WHAT YOU SHOULD DO:
None of the images should appear in your copy. Transcribe the data in full.

INFORMATION SUPPLIED:
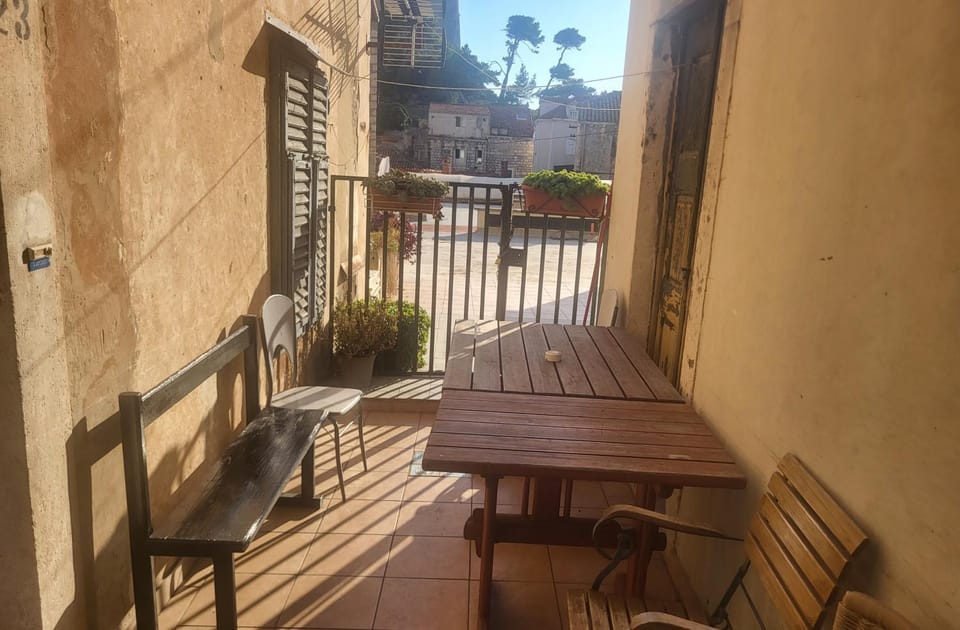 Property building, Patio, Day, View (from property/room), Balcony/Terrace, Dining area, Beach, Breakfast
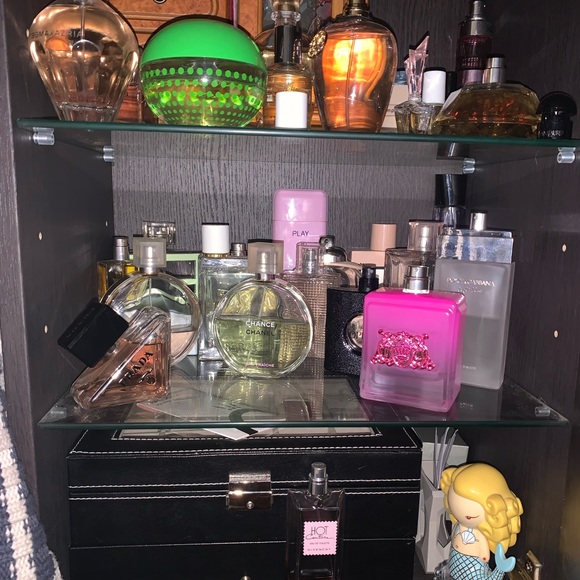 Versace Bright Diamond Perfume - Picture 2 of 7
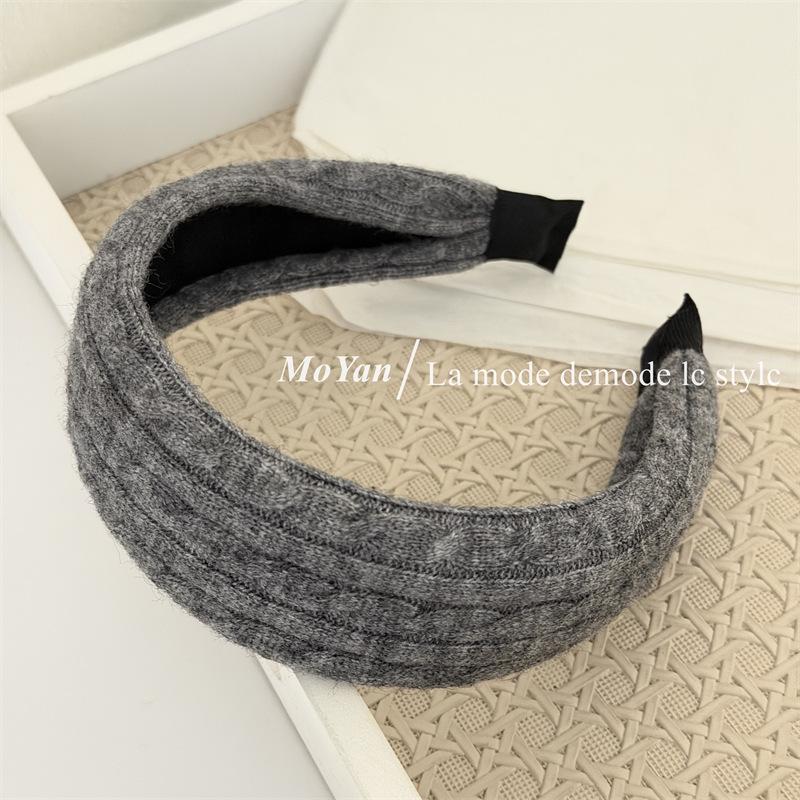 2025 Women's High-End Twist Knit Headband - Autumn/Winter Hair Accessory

YOUR RESPONSE:
 Property building, Patio, Day, View (from property/room), Balcony/Terrace, Dining area, Beach, Breakfast
 Versace Bright Diamond Perfume - Picture 2 of 7
 2025 Women's High-End Twist Knit Headband - Autumn/Winter Hair Accessory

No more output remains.